ホルモンは炎症を抑えてくれる作用などがあるため、このホルモンを人工的に薬として合成されて作り出されたのが、「合成副腎皮質ホルモン剤」です。

合成副腎皮質ホルモン剤には、様々な種類がありますが、どの薬も5段階の強さでランク分けされています。 皮膚科などの医療機関で一番多く処方されているのが、アルメタ軟膏の所属している4群という中程度の強さを持つ薬と、そのもう1ランク上の3群にあたる薬です。

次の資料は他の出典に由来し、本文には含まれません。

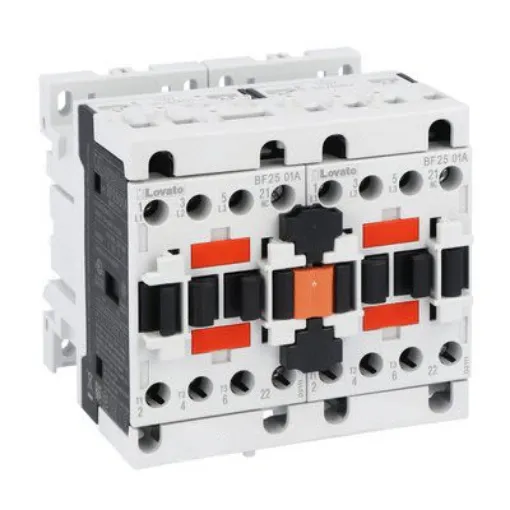 Lovato BFA025 Reversing Contactor, 110 V ac Coil, 3-Pole, 25 A, 11 kW, 1NC, 690 V - BFA02542110 product image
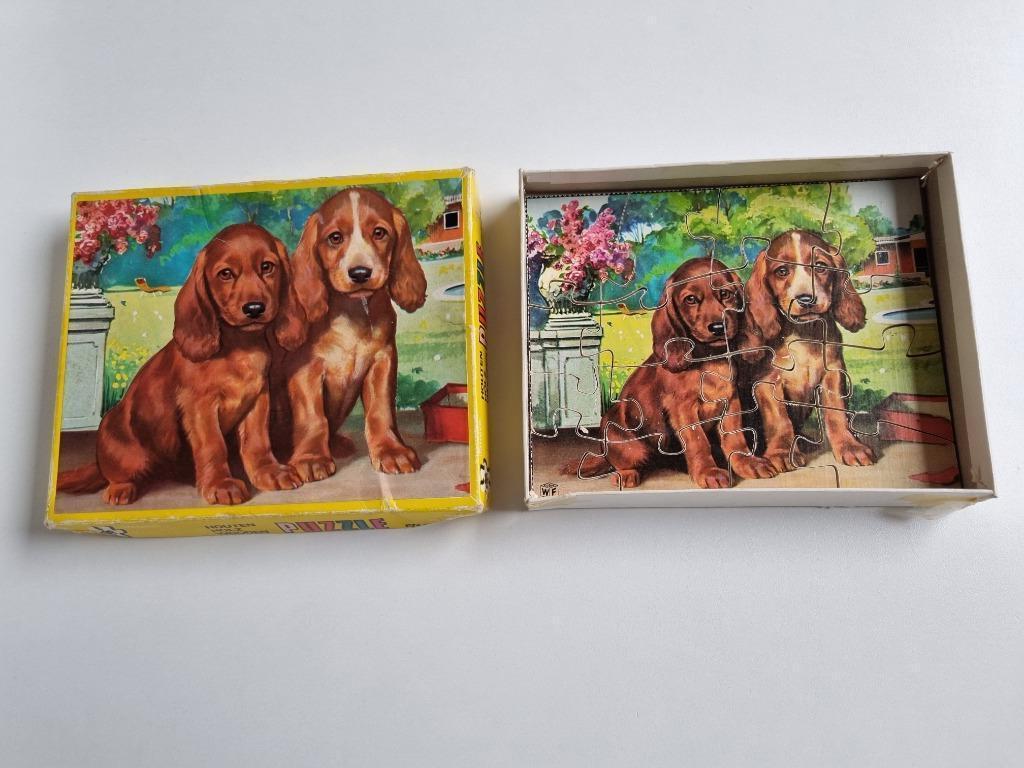 Houten puzzel honden 16 stukjes, Enlèvement ou Envoi, 2 à 4 ans, Utilisé, 10 à 50 pièces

アルメタ軟膏の作用はとても穏やかで、ステロイドに明記されている副作用が起こりにくいと言われているため、子供からお年寄りにまで処方されています。

アルメタ軟膏の効果・効能

アルメタ軟膏の効果・効能は、 ・痒み ・赤み ・腫れ ・ただれ このような症状に主に効果を発揮し、
・アトピー性皮膚炎
・蕁麻疹
・虫刺され
・あせも
・皮膚炎群
・乾癬
・紅斑症
・薬疹、中毒疹
・紅皮症
・特発性色素性紫斑
・慢性円板状エリテマトーデス

以上のような皮膚炎に効果があると塩野義製薬の公式サイトにも記載されています。








アルメタ軟膏でアトピー性皮膚炎は完治するのか

アトピー性皮膚炎の治療にアルメタ軟膏はよく処方されていますが、アルメタ軟膏の使用でアトピー性皮膚炎の症状が改善されても完治することはありません。 もともと合成副腎皮質ホルモンと言われているステロイドには、皮膚炎を治す力はなく、対処療法として症状の改善を行う効果しかありません。

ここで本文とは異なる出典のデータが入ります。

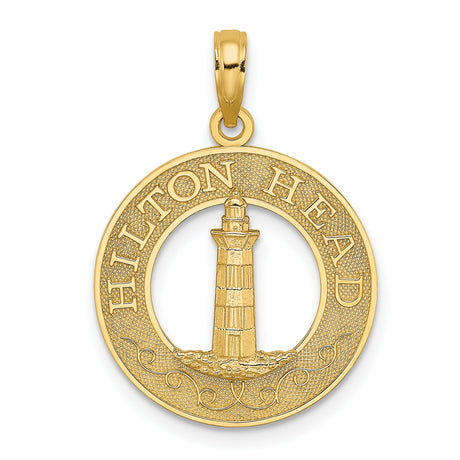 14k Yellow Gold Lighthouse Pendant with Wave Design, Nautical Coastal Charm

そのため、ステロイドを使用して症状が改善されても、またいつどこで症状を発症してもおかしくないので、症状が出た時の改善薬として考えることしかできません。 今の日本の医療ではアトピー性皮膚炎の特効薬は望めないため、このような症状を改善させる方法で治療を行うのが主流です。